[sugar] [PATCH] fix #4646 - replace/normalize some keyboard shortcuts
Eben Eliason
eben.eliason at gmail.com
Tue Apr 29 12:43:56 EDT 2008
On Tue, Apr 29, 2008 at 12:31 PM, Bert Freudenberg <bert at freudenbergs.de> wrote:
> On 29.04.2008, at 18:10, Eben Eliason wrote:
>
> > Ctrl-Q is likewise redundant with the ctrl-esc shortcut, which is a
> > mostly non-standard shortcut, but somehow makes sense in this context
> > anyway. (Hey, it beats alt-F4, right?...there's no logic there that I
> > can see) In other news, after looking it up, it turns out that
> > ctrl-esc used to be used to reveal the task manager in Windows,
> > allowing one to terminate running programs (semantically aligned with
> > our use here). Oddly, it has since been remapped to invoke the
> > Windows start menu, with opposite semantics. This despite the fact
> > that many PC keyboards even have a Windows key which does this anyway.
> > In any case, I support our interpretation of ctrl-esc and think it
> > serves the purposes without need for redundancy.
>
>
> I thought that all ctrl-modifiers should be handled by the activity?
> Wouldn't alt-esc be more appropriate, since the handler is in the shell?
Hmmm. The semantics I was aiming for are:
CTRL - "primary" shortcuts...standard/basic actions eg. "copy"
ALT - "alternate" shortucts...modifications of the corresponding
primary shortcuts, eg. "copy and erase" (cut)
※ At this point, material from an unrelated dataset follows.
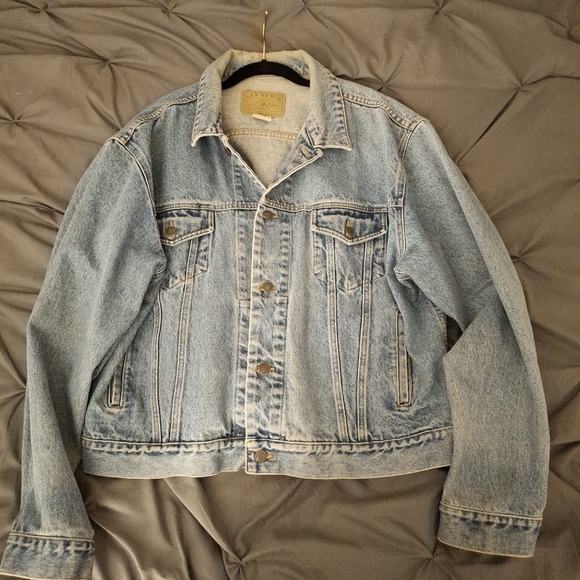 GAP Men's Vintage Stone Washed Denim Jacket - Picture 6 of 6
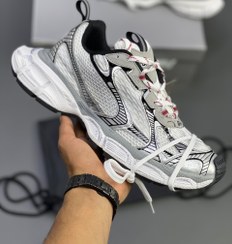 تصویر کتونی بالنسیاگا 3 ایکس لارج سفید طوسی نقره ای Balenciaga 3xl White Gray Silver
SHIFT - "invert"...do the opposite of the primary or alternate
shortcut it is chorded with, eg. "cycle through open activities in
reverse"
My goals for the semantics never specified that different keys should
have different contexts or scopes.
Of course, now that you point it out, I think that ctrl-esc might be
the only global non-ALT shortcut. So if others argue strongly against
using ctrl-esc, I'll leave it to a democratic decision.